(Provided material)
===

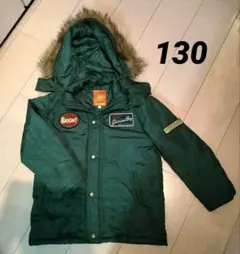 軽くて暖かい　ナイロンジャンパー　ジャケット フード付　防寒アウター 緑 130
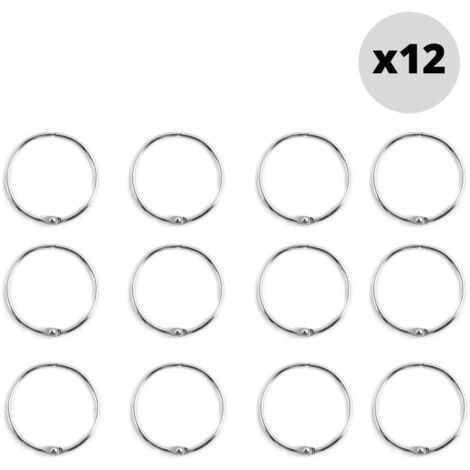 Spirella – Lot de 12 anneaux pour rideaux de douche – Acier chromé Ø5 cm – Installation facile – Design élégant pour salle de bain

===

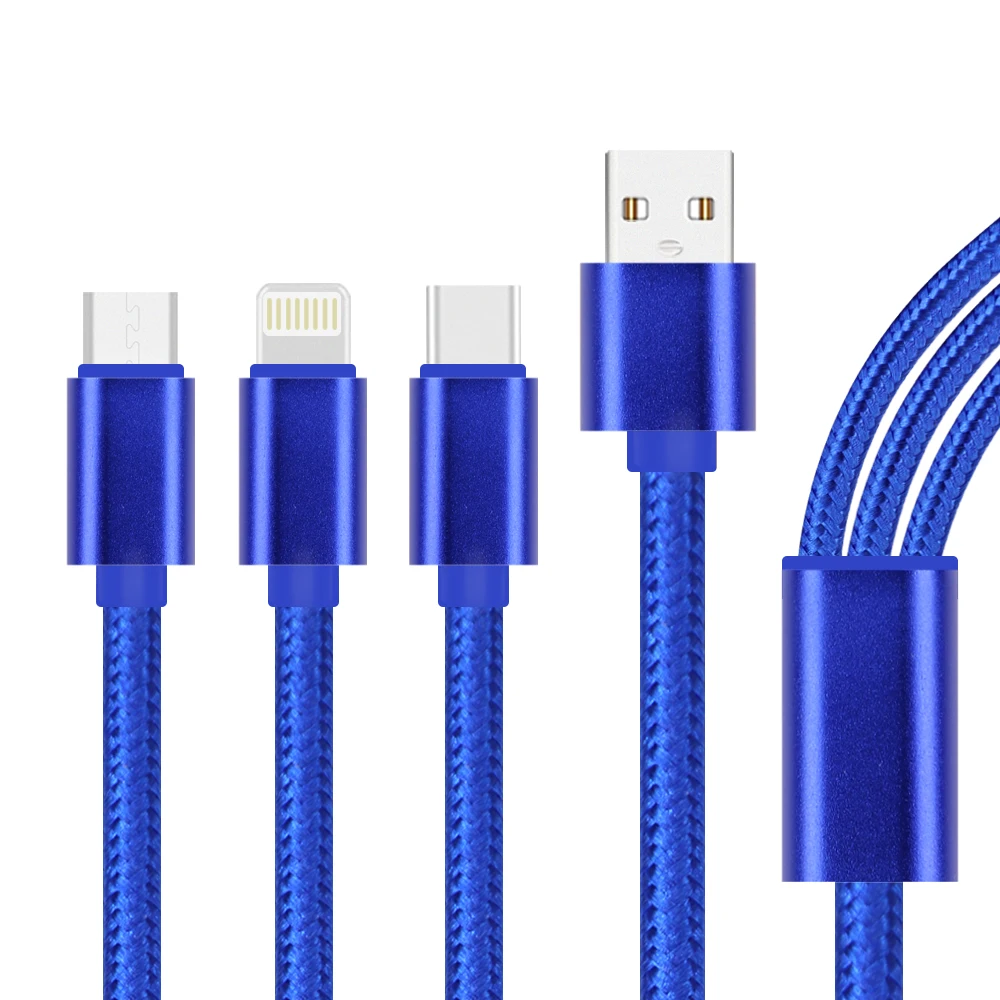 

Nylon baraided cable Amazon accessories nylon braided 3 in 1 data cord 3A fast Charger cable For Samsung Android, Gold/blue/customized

===

All that should be printed is the run of lines above from the one with "軽くて暖かい　ナイロンジャンパー　ジャケット フード付　防寒アウター 緑 130" through the one with "Spirella – Lot", both included, exactly as given, with pictures left out.

(Output of the exercise)
 軽くて暖かい　ナイロンジャンパー　ジャケット フード付　防寒アウター 緑 130
 Spirella – Lot de 12 anneaux pour rideaux de douche – Acier chromé Ø5 cm – Installation facile – Design élégant pour salle de bain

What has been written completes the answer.